Most of the factors related to longevity are physical: the presence of disease, body weight, smoking or drinking habits, and on and on. But having a personality trait known as conscientiousness seems to matter, too, according to a new study.
The research, conducted at UC Riverside, analyzed data from 20 studies on conscientiousness-related traits and longevity. The studies involved more than 8,900 people in the United States, Germany, Norway, Japan and Sweden. Psychology professor Howard S. Friedman found highly conscientious people live two to four years longer, are less likely to smoke or drink to excess and live more stable and less stressful lives. He also examined several facets of conscientiousness, such as being organized, efficient, responsible, self-controlled, disciplined, achievement-oriented, persistent, industrious and socially responsible. He found that achievement and having an orderly life were the strongest facets linked to longevity.
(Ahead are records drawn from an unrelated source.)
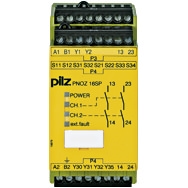 Pilz. Реле безопасности PNOZX – Сенсорные коврики - PNOZ 16SP 230VAC 24VDC 2n/o - 777076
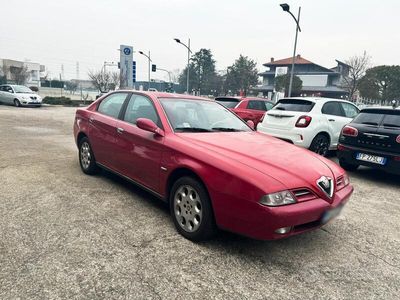 usata Alfa Romeo 166 2.0i 16V Twin Spark 110kw 150CV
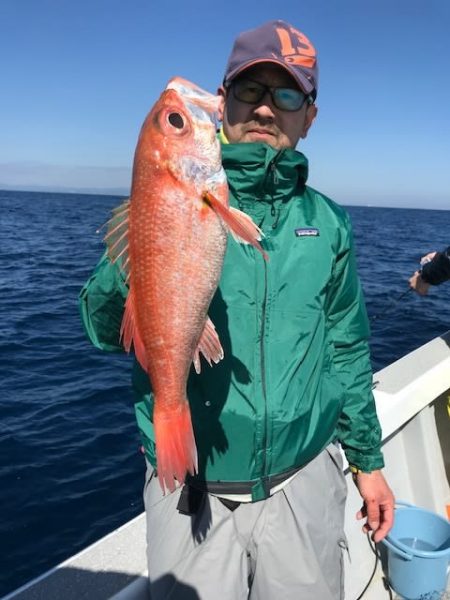 へいみつ丸 釣果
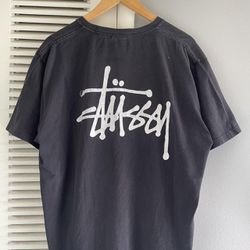 Stussy  Graphic T-shirt 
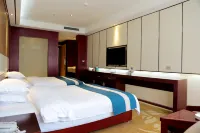 Junyu Boutique Hotel (Wanyuan Railway Station) Hotels in Wanyuan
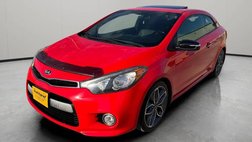 2015 Kia Forte Koup SX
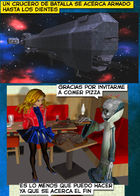 Magic Girl  : Chapitre 22 page 10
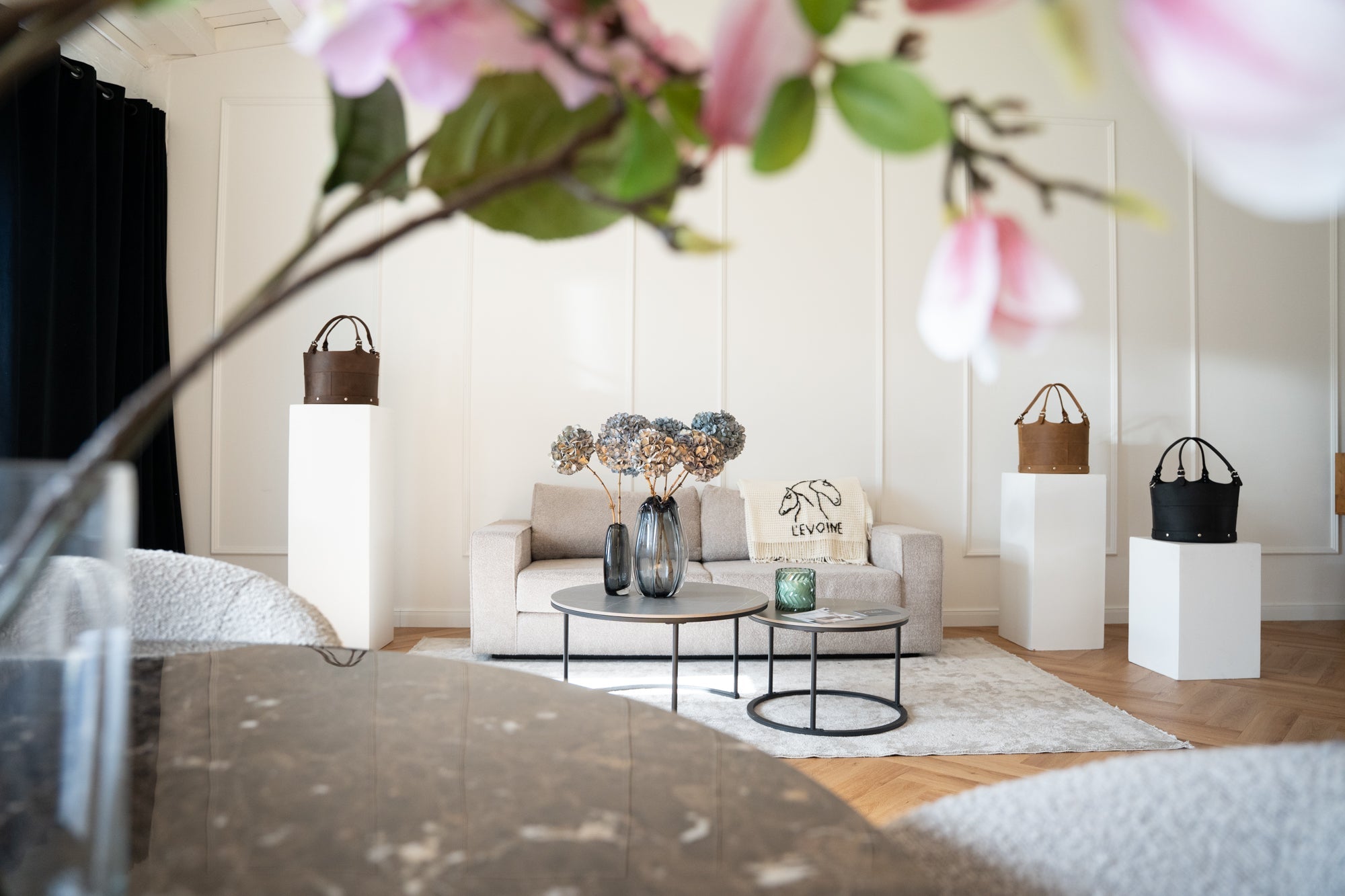 Wolldecken & Accessoires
Conscientiousness, said Friedman in a news release, "seems to be as important as most commonly assessed medical risk factors, few of which are psychological ... Not only do conscientious individuals have better health habits and less risk-taking, but they also travel life pathways toward healthier psychosocial environments -- such as more stable jobs and marriages -- and may even have a biological predisposition toward good health."
Can one learn to be conscientious? Conscientiousness can't be changed in the short-term, says Friedman. But people who enter stable jobs or good marriages can become more conscientious. The study is published in the current issue of Health Psychology.